O'Rielly is truly damaged in his thinking. Will stalking her make her agree with him? Why does he care that much and why wasn't the stalker arrested along with his boss?

Submitted by Chris Rogers on March 25, 2009 - 6:26pm.

O'Reilly gives his listeners and viewers what they, and his producers, want. The truth be damned. He gets paid very well to be a right-wing talking head. I watch him on those rare occasions when I need my naturally low blood pressure to go up.

Good men don't need the kind of excuses people like O'Reilly provide, because they do not abuse women. Men who abuse women grasp at any straw whatsoever to justify their behavior. It must help to quiet the tiny twinges of guilt they may possibly feel to hear the old mantra of "she must have done something to deserve it."

Bill, tell that to a young Alice Sebold ("Lucky: A Memoir") who was raped the last day of her Freshman year at Syracuse University. Her rapist was unable to complete the act until she, a virgin, bled sufficiently. Tell that to the family of the young rape/ murder victim in Kate Braestrup's wonderful memoir, "Here If You Need Me." A student at a church-affiliated college in Maine, she was abducted in broad daylight in the parking lot as she left for a dentist's appointment and lunch with her mom. Tell that to women who are attacked in their own homes. Tell that to the families of small children who are abducted and murdered by sexual predators. Those monsters listen to, and take comfort in, the very same fictions you repeat.

No female person of any age deserves to be raped. Never, ever.

Mr. O'Reilly needs to step away from his comfortable studio and actually join the dialogue about rape. I've read that he is actually a bright, well-educated man who has a rather different persona away from his fan base and his producers. Wonder if he'd appear on Oprah?

Submitted by Janmk on March 26, 2009 - 10:11am.

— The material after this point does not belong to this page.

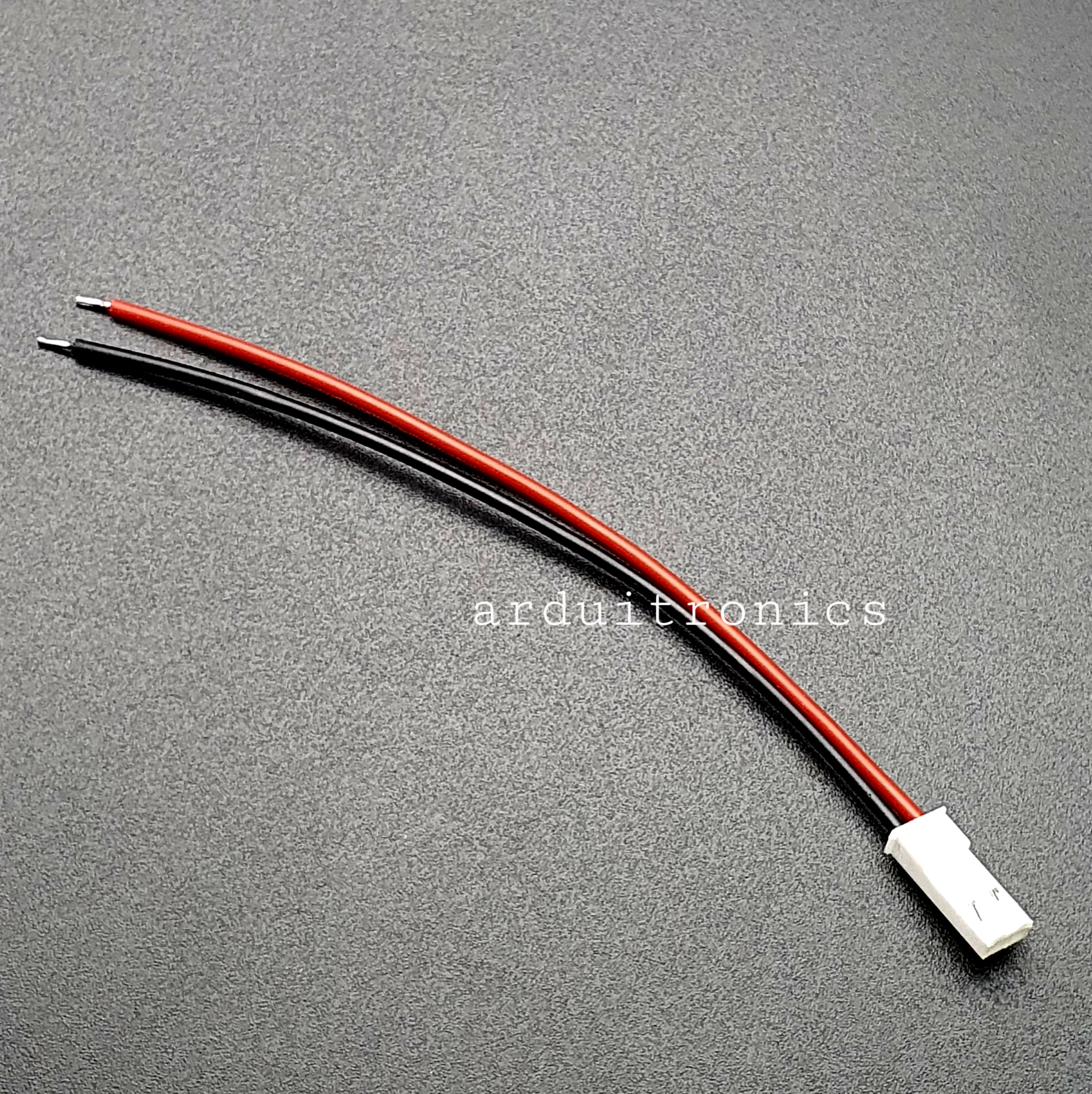 JST Connector 2Pin Plug Male สายต่อ JST ตัวผู้ พร้อมสายไฟยาว 10cm - White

Keith Olbermann calls him "Bill-O the Clown".  O'Reilly is a frequent target (hey, he practically begs to be satirized) of Keith's and he has great fun poking this particular bag of hot air. Olbermann's show is on MSNBC at 7 & 9 pm CST from Monday to Friday.  Some of the best free entertainment around. 

 

Your grievance shall be avenged.

Submitted by otaku1960 on March 27, 2009 - 5:03pm.

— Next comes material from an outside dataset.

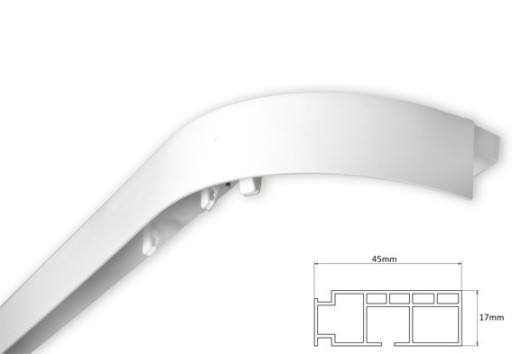 Karnisz 2,45 Szyna sufitowa PCV I 245 ŁUK + OSŁONA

There are Male victims of rape, and they are as innocent as the female ones, and as much wrongly blamed ("It doesn't happen to a real Man").

Submitted by amd on March 26, 2009 - 11:41am.

Why is it in a discussion about violence against women, someone always has to chime in "yeah, but men get rapped too"...yes they do, and statistically this is also committed by another man and usually, it's done in a way that feminizes the man, for instance calling him 'a pussy' or sodomizing him.

Submitted by Leanna on March 27, 2009 - 2:06pm.

You should treat them like equals.

Submitted by painters on April 14, 2009 - 11:47pm.

This post is just so full of it that it's not even worth writing any further reply to.

"Well behaved women seldom make history."-Laurel Thatcher Ulrich

Submitted by Progo35 on April 15, 2009 - 12:03am.